Versions (relevant - OpenSearch/Dashboard/Server OS/Browser):
OpenSearch 2.18 / Windows 10
Describe the issue:
Hi,
I’m looking for recommendations on tools or methods to efficiently scan, index, and continuously update a shared drive containing about 20TB of various file types (e.g., documents, PDFs, images, etc.)
What tools or workflows would you recommend? Are there any specific best practices for managing large-scale shared drive indexing with OpenSearch?
Since I’m working on something similar at the moment, I can give you some general suggestions:
Think which kind of data structure you want to have:
Do you need to restrict the search based on Group permissions for different folders, or has everyone full access?
Field suggestions: title, change_date, file_type, fulltext, owner, (permission_groups)

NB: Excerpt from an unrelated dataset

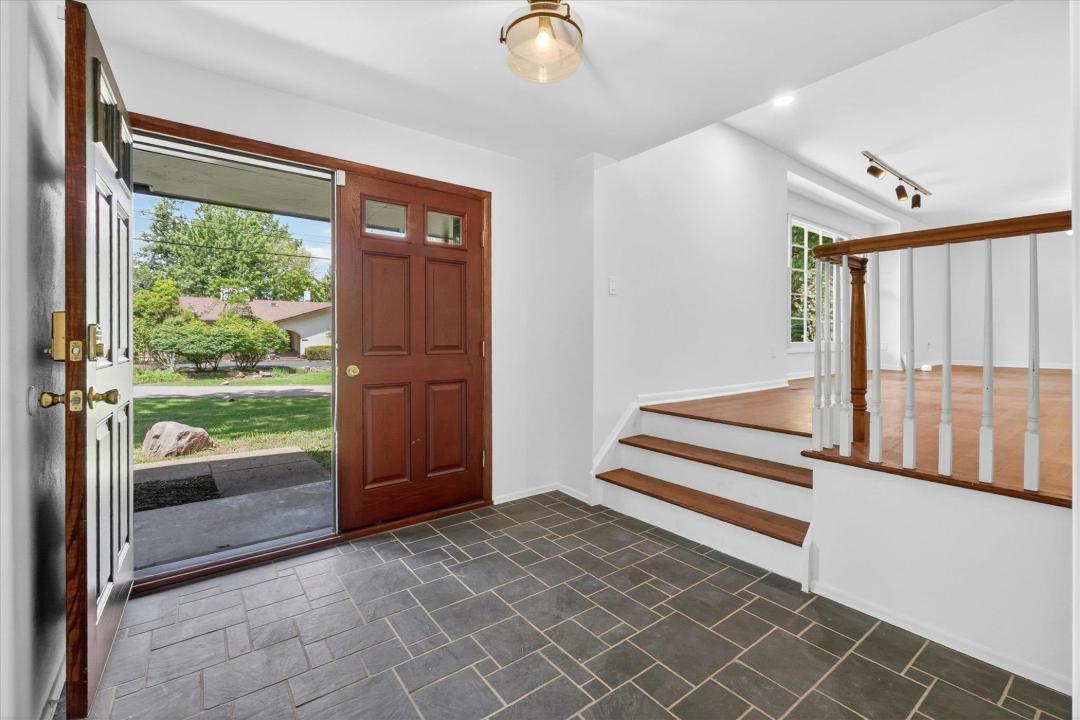 2049 Shore Hill, West Bloomfield, 密歇根州 48323, 美国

Use the ingest-attachment pipeline to parse documents into fulltext
Filter which documents you index based on mimetypes
You might want to only index Word/Powerpoint/Excel/text/etc. and exclude zip and binary files
Start testing everything with a small subfolder, then increase the amount you index
We currently index 100 documents at once in a batch request, our fileshare has ~45.000 documents which only is a few TB if at all. Yet our indexing runs into memory issues because I currently believe Opensearch 2.15 has a memory leak.